The impact of Covid-19 on BAME groups is magnifying the pre-existing structural inequalities in society, argues Alyssa Cassata
Meaningless platitudes suggesting “we’re all in this together” have been thrown about by the government to deflect from their failure to act quickly and effectively in the face of the coronavirus crisis. This line allows them to ignore the emerging evidence demonstrating that the effects of Covid-19 are disproportionately impacting BAME communities. While it’s true that the virus itself does not discriminate, it has clearly highlighted pre-existing inequalities in society that must be addressed; we cannot allow for a return of “business as usual” when the crisis is over.
Official figures revealed that 72% of health and social care staff that have died from coronavirus are from ethnic minorities, they also make up 34% of critically ill patients, despite accounting for just 14% of the population. These disparities undeniably expose the results of systemic discrimination that has been rooted in society for years and manifested in unnecessary and tragic deaths throughout this pandemic. Although shocking, these figures are unsurprising when given context. A report from the Department of Health in 2009 found that, of NHS patients, BAME groups are “less likely to report a positive experience” and “tended to be less positive about questions relating to ‘access and waiting’”.

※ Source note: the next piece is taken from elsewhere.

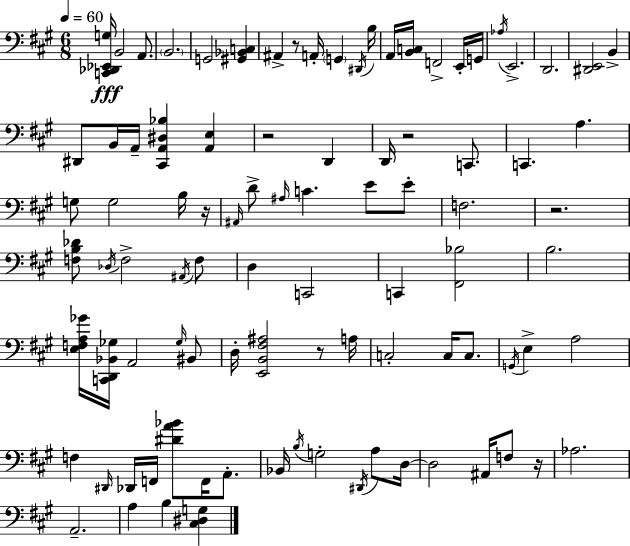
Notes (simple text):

[C2,Db2,Eb2,G3]/s B2/h A2/e. B2/h. G2/h [G#2,Bb2,C3]/q A#2/q R/e A2/s G2/q D#2/s B3/s A2/s [B2,C3]/s F2/h E2/s G2/s Ab3/s E2/h. D2/h. [D#2,E2]/h B2/q D#2/e B2/s A2/s [C#2,A2,D#3,Bb3]/q [A2,E3]/q R/h D2/q D2/s R/h C2/e. C2/q. A3/q. G3/e G3/h B3/s R/s A#2/s D4/e A#3/s C4/q. E4/e E4/e F3/h. R/h. [F3,B3,Db4]/e Db3/s F3/h A#2/s F3/e D3/q C2/h C2/q [F#2,Bb3]/h B3/h. [E3,F3,A3,Gb4]/s [C2,D2,Bb2,Gb3]/s A2/h Gb3/s BIS2/e D3/s [E2,B2,F#3,A#3]/h R/e A3/s C3/h C3/s C3/e. G2/s E3/q A3/h F3/q D#2/s Db2/s F2/s [D#4,A4,Bb4]/e F2/s A2/e. Bb2/s B3/s G3/h D#2/s A3/e D3/s D3/h A#2/s F3/e R/s Ab3/h. A2/h. A3/q B3/q [C#3,D#3,G3]/q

Additionally, BAME doctors are twice as likely to not complain about safety as they are more likely to be subject to disciplinary action and more likely to be harassed or bullied by managers. The inequalities currently making headline news aren’t new and must not be forgotten when the pandemic is over.

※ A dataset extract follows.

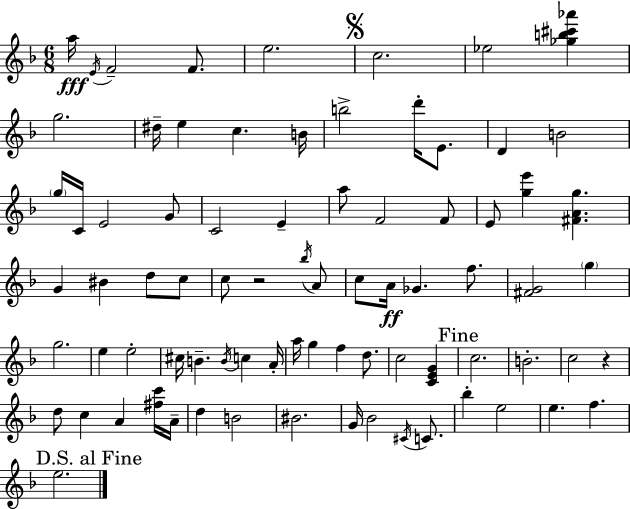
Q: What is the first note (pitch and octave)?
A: A5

Similarly, the government’s failure to record the ethnicity of coronavirus patients is unacceptable; any failure to record and publish data could allow the government to ignore the structural discrimination BAME communities face that is being made even clearer from data emerging due to Covid-19. Furthermore, Dr Chaand Nagpaul of the British Medical Association stated that “We’re well aware that doctors have been under pressure to see patients but have not felt adequately protected, with shortages of PPE” - this issue disproportionately impacts BAME doctors who are less likely to feel that they can speak out and have reported that they feel targeted to work on coronavirus wards.

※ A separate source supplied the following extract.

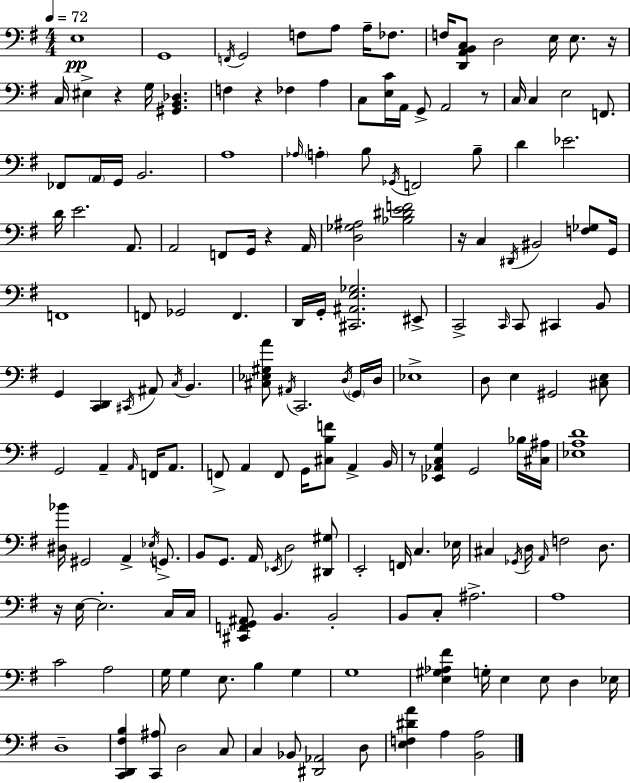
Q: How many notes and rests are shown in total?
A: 169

More generally, the effects of the pandemic and imposed lockdown are having a bigger impact on ethnic minorities due to structural racism. Research conducted by the TNI last year revealed that BAME workers are subject to insecure work as they are significantly more likely to be on zero-hour contracts where pay is typically a third less an hour than those on permanent contracts, they are also twice as likely to report not having enough hours to cover basic needs, and 1 in 13 BAME workers were reported to be in temporary work. Additionally, a government report stated that “White British households were less likely to be overcrowded than households from all other ethnic groups combined” which has clear implications for social distancing.
These deep-rooted inequalities have been proliferated by the virus and have resulted in countless preventable deaths, impacting thousands of families. These issues cannot go unaddressed by the government and require much more action than the formal pandemic review on BAME deaths launched by the Department of Health and Social Care, led by NHS England, clearly ignoring a possible conflict of interest. The aforementioned issues call for structural change that will not be addressed by the proposed review.
Arguments suggesting that biological factors explain the disproportionate impact of coronavirus on ethnic minorities are baseless pseudo-scientific ideas and allow the structural racism ingrained in society to be overlooked and should be vehemently refuted. The issues emphasised by the coronavirus pandemic are a result of systemic discrimination that cannot be ignored when the crisis subsides.